- INSTRUCTIONS TO FOLLOW -
In the answer, each line must appear exactly as in the records, and no picture may appear.

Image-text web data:

__________________________________________________

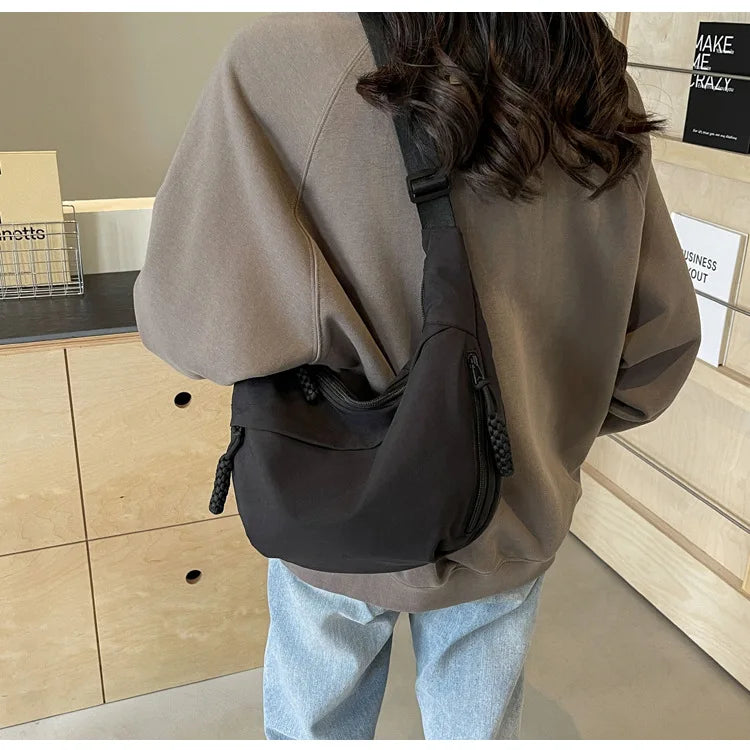 Eine Frau von hinten, die ein braunes, oversized Hemd und eine schwarze Nylon-Umhängetasche trägt.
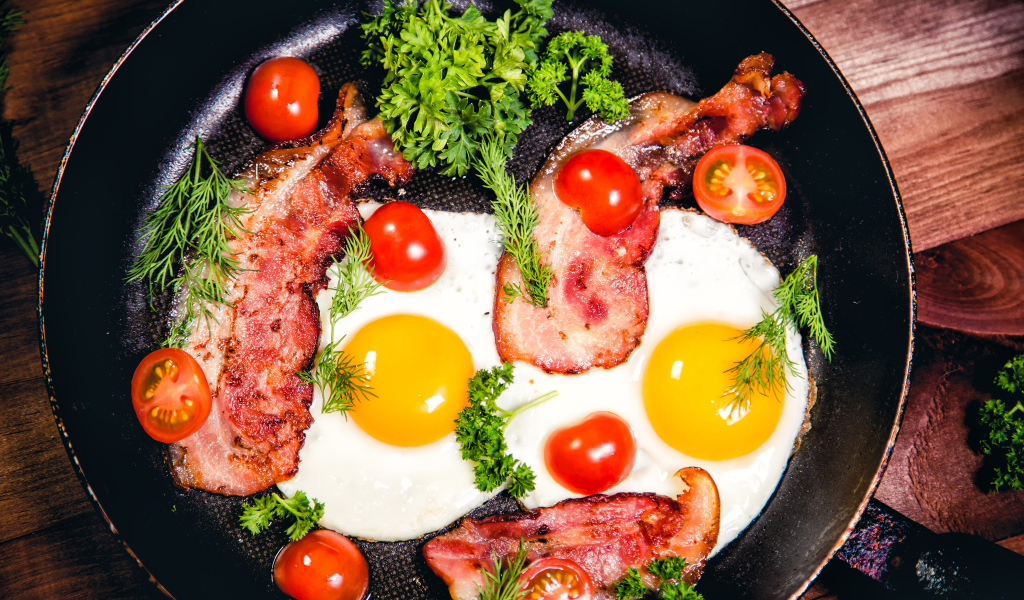 Яичница с беконом, помидорами и зеленью в сковороде на завтрак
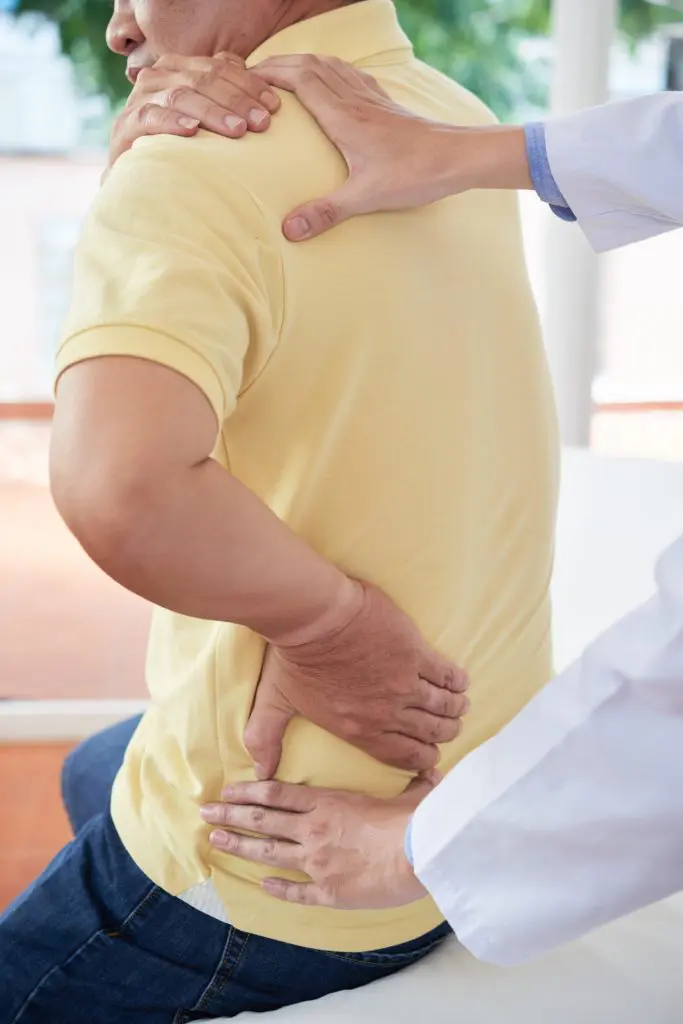 doctor examining male patient upper back due to pain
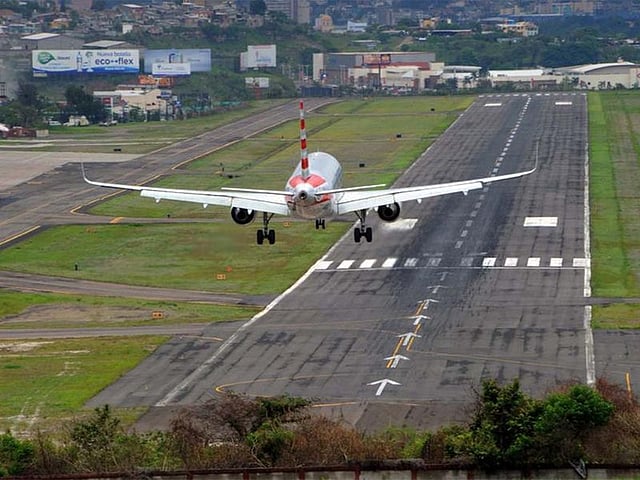 Toncontin International Airport in Tegucigalpa, Honduras. The Toncontín airport runway is 2,163m long and was built at an elevation of 1,005m. Due to its location next to the mountains and its narrow size, landing is very complicated. Pilots must make a dramatic sharp turn and land near the valley.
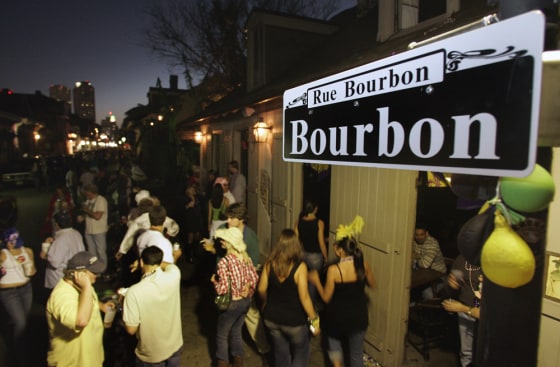 Revelers party on Bourbon Street in the French Quarter during Mardi Gras celebrations in New Orleans on Fat Tuesday, Feb. 28, 2006.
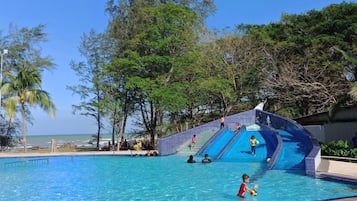 A swimming pool with a water slide and a beach view.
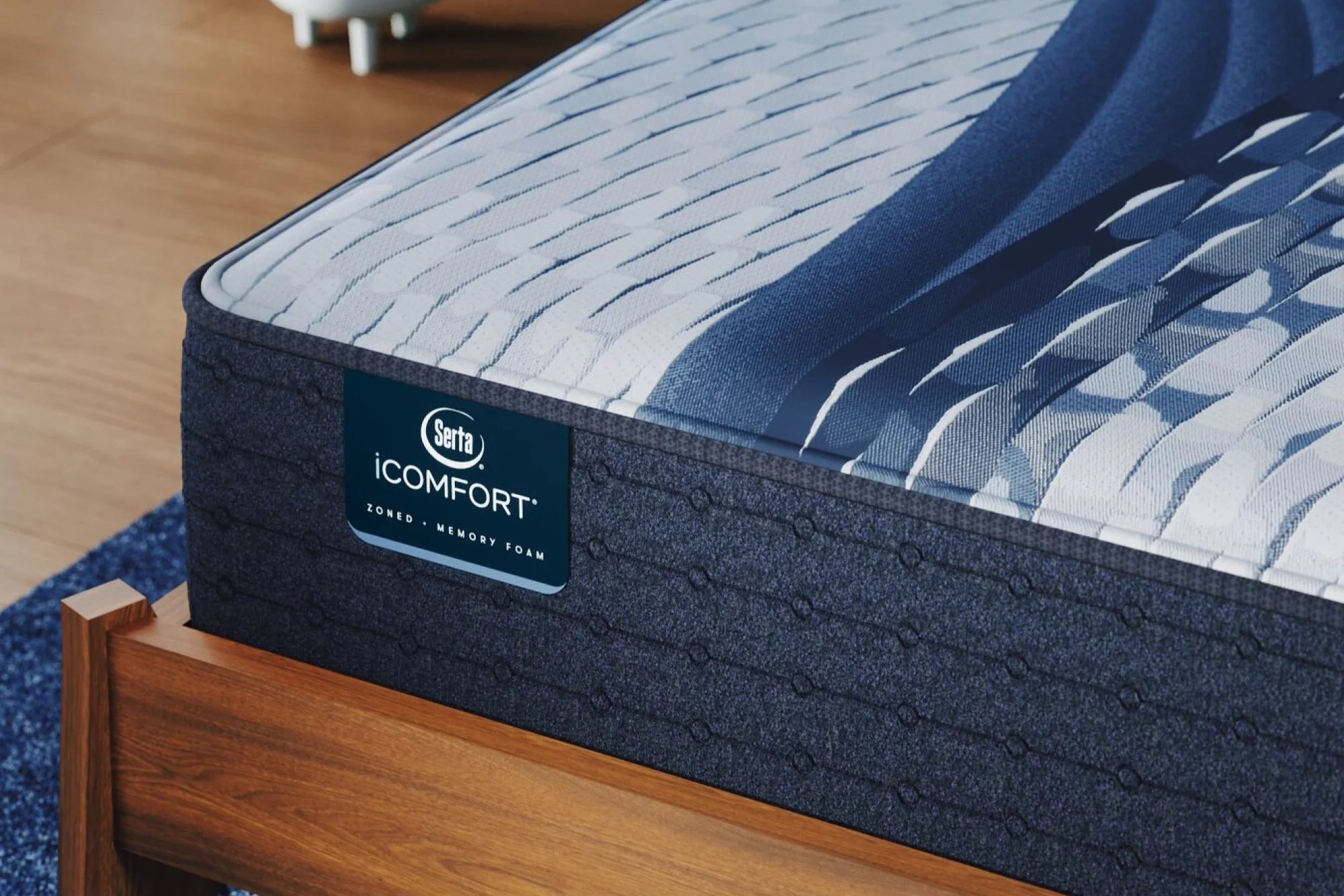 Close-up of a Serta iComfort Firm mattress, featuring 5-zone support, pressure-relieving memory foam, and cool-to-the-touch fabric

__________________________________________________

- REPLY -
 Eine Frau von hinten, die ein braunes, oversized Hemd und eine schwarze Nylon-Umhängetasche trägt.
 Яичница с беконом, помидорами и зеленью в сковороде на завтрак
 doctor examining male patient upper back due to pain
 Toncontin International Airport in Tegucigalpa, Honduras. The Toncontín airport runway is 2,163m long and was built at an elevation of 1,005m. Due to its location next to the mountains and its narrow size, landing is very complicated. Pilots must make a dramatic sharp turn and land near the valley.
 Revelers party on Bourbon Street in the French Quarter during Mardi Gras celebrations in New Orleans on Fat Tuesday, Feb. 28, 2006.
 A swimming pool with a water slide and a beach view.
 Close-up of a Serta iComfort Firm mattress, featuring 5-zone support, pressure-relieving memory foam, and cool-to-the-touch fabric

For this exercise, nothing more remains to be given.